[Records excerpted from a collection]

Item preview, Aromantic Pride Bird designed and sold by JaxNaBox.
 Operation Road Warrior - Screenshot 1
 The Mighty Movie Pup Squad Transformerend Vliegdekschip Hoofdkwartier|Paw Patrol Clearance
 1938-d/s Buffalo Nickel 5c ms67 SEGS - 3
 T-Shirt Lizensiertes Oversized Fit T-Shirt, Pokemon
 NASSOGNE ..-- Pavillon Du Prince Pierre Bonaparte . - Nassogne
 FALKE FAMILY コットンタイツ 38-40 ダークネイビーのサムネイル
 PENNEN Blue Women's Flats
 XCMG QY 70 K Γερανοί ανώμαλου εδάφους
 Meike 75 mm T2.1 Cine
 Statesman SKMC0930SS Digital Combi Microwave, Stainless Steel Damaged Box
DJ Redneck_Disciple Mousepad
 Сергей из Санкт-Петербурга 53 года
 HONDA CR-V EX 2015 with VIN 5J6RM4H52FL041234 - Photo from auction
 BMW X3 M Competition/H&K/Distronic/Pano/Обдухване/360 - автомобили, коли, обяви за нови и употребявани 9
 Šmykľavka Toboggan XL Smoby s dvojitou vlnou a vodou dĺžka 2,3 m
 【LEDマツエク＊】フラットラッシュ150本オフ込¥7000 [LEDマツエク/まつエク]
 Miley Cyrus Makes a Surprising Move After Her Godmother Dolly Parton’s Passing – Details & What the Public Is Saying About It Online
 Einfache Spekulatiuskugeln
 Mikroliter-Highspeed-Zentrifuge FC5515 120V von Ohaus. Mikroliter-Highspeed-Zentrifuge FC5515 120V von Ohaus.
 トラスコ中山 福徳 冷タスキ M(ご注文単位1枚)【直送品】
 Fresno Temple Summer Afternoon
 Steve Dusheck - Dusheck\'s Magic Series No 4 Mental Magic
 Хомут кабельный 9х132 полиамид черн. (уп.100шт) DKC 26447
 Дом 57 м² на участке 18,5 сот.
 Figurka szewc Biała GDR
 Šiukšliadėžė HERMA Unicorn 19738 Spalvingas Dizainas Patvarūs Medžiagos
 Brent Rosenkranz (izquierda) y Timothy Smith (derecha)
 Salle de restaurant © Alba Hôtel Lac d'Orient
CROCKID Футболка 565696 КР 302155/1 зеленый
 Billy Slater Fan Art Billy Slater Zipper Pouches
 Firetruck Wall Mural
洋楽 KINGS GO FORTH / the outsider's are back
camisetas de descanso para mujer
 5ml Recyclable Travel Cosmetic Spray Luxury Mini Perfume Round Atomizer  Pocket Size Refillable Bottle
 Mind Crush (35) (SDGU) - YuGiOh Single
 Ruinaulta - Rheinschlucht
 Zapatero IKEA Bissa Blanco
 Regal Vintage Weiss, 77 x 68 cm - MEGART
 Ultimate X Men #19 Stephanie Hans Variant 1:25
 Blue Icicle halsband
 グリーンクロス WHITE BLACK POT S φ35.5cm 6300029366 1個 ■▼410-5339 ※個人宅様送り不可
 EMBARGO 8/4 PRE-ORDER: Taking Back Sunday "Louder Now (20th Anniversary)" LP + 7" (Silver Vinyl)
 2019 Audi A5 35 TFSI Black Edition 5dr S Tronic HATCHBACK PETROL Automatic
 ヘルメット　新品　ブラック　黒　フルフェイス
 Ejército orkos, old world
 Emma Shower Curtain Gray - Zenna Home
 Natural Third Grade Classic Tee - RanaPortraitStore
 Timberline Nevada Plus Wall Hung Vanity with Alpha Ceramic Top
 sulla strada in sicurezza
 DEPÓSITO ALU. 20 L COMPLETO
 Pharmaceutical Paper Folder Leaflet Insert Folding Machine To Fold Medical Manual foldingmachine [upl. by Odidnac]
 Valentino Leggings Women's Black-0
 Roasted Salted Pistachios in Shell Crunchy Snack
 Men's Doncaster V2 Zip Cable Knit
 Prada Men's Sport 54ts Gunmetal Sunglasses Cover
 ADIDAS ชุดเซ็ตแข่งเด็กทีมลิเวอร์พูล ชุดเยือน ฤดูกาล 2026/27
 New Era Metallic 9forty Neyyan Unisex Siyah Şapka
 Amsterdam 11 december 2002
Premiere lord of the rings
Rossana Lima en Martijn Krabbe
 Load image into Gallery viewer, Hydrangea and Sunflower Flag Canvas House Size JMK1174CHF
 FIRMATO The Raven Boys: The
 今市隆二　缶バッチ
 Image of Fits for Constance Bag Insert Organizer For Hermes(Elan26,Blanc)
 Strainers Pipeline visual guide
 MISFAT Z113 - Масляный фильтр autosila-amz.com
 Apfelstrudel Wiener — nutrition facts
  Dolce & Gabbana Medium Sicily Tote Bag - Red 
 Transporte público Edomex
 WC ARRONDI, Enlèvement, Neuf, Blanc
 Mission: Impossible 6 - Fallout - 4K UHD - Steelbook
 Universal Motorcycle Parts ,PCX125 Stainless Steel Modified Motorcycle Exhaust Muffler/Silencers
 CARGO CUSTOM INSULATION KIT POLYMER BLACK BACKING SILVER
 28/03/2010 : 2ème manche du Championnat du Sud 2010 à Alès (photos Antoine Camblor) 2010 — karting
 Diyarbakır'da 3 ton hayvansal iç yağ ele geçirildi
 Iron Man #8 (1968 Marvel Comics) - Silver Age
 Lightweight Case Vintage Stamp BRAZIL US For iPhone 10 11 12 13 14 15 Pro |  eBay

• _What you have to do_
Output, from the data above, the lines from the line with "Zapatero IKEA Bissa Blanco" to the line with "EMBARGO 8/4 PRE-ORDER: Taking" exactly as they stand, both ends included and nothing else.

• _Response to this task_
 Zapatero IKEA Bissa Blanco
 Regal Vintage Weiss, 77 x 68 cm - MEGART
 Ultimate X Men #19 Stephanie Hans Variant 1:25
 Blue Icicle halsband
 グリーンクロス WHITE BLACK POT S φ35.5cm 6300029366 1個 ■▼410-5339 ※個人宅様送り不可
 EMBARGO 8/4 PRE-ORDER: Taking Back Sunday "Louder Now (20th Anniversary)" LP + 7" (Silver Vinyl)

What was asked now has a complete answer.